Selon lui, la Métropole "fait pression pour faire avancer le ferroviaire", et "il ne faut pas que l'on traîne". Jean-Charles Kohlhlaas se dit même "très inquiet sur la capacité de l'Etat français à tenir ses engagements en matière de ferroviaire."

Concernant le Lyon-Turin, et la notamment la question de ses accès français situés entre Grenay et La Maurienne, le Grand Lyon a rappelé qu'il n'était pas directement concerné.

"L'État a fait un choix, il faut maintenant qu'il fasse un tour de table pour arriver à trouver les financements. [...] Nous n'interviendrons, en tant que Métropole, que sur ce qui nous concerne territorialement. Comment, je ne sais pas, on verra. Mais bien sûr qu'on accompagnera et qu'on travaillera aux côtés de la SNCF Réseau pour que ce dossier avance", a glissé Jean-Charles Kohlhlaas.

Bien que le Grand Lyon se sente concerné sur les enjeux du fret, et notamment de la diminution du nombre de poids-lourds à l'échelle de la métropole, de même sur sur la nécessité de développer un RER métropolitain pour accompagner le trafic voyageurs, le champs du ferroviaire reste cependant en dehors des compétences directes de la Métropole, puisqu'il concerne en premier lieu l'Etat, à travers SNCF Réseau, ainsi que la Région Auvergne Rhône-Alpes.

Contactée, celle-ci n'a pas répondu à ce stade aux sollicitations de La Tribune suite à cet échange.

Le Lyon-Turin : un vieux serpent de mer qui a déjà débuté

Du côté de la Ville de Lyon, l'entourage de Grégory Doucet a finalement nuancé les propos qu'avaient tenu le maire à son arrivée en 2020, selon lesquels il fallait tout simplement "stopper le projet du Lyon-Turin" :

"Maintenant que le chantier a démarré, la position de la Ville de Lyon, qui n'est pas concernée au titre de financeur, mais qui constitue tout de même le départ de cette ligne, est de dire que pour que ce projet pharaonique soit efficace, il faut que le report modal soit renforcé, que ce soit sur le sujet de l'éco-taxe ou plus largement, des incitations à mettre les camions sur le rail", glisse l'entourage du maire EELV.

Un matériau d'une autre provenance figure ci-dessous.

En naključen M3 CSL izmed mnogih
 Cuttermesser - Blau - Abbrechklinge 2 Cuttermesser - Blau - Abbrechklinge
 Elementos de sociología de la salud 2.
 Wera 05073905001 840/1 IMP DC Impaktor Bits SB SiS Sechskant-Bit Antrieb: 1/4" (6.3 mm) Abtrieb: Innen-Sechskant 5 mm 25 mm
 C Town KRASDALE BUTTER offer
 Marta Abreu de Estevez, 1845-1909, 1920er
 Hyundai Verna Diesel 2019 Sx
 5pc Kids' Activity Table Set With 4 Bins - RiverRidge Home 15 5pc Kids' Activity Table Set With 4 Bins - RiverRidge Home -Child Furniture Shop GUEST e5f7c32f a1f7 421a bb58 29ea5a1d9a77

Depuis son arrivée, Lyon prend en effet l'exemple de la Suisse, "où les camions qui arrivent n'ont pas le choix que de transiter directement par le rail. Il faut pousser en ce sens car le projet actuel du Lyon-Turin ne va pas encore jusque là".

Le maire de Lyon a donc demandé durant sa rencontre avec le ministre des Transports que les engagements en matière de report modal soient renforcés sur ce projet, "avec l'ajout de mesures plus coercitives".

Le port de Lyon, futur enjeu pour le fret

Du côté de la Ville de Lyon, l'attention s'est portée sur un autre dossier : le maire de Lyon a notamment profité de cet échange pour demander à Clément Beaune "un accompagnement renforcé" sur la question du transport fluvial.

Car en parallèle à ses deux projets phares déjà en cours, que sont le lancement d'une liaison ULS de transport fluvial vers le centre-ville, ainsi que les travaux du futur Hôtel de la Logistique urbaine qui doit s'installer sur le port de Lyon, Grégory Doucet a plaidé, auprès de l'Etat, pour un renforcement des financements afin d'assurer le report modal vers le fluvial.

Avec les yeux tournés notamment vers la ville de Marseille, avec laquelle la capitale des Gaules nourrit de grands projets en vue de redévelopper des échanges de marchandises sur le Rhône. "Cela prendra aussi des évolutions en matière de réglementation, car celle-ci doit être plus incitative", fait-on valoir dans l'entourage de Grégory Doucet.

Déjà, les deux parties se sont données rendez-vous début 2023, probablement à Lyon, pour refaire un point sur le calendrier et les modalités de ce dossier, qui pourrait devenir stratégique pour la décarbonation des échanges de la capitale des Gaules, qui a inscrit l'urgence climatique" à son plan de mandat.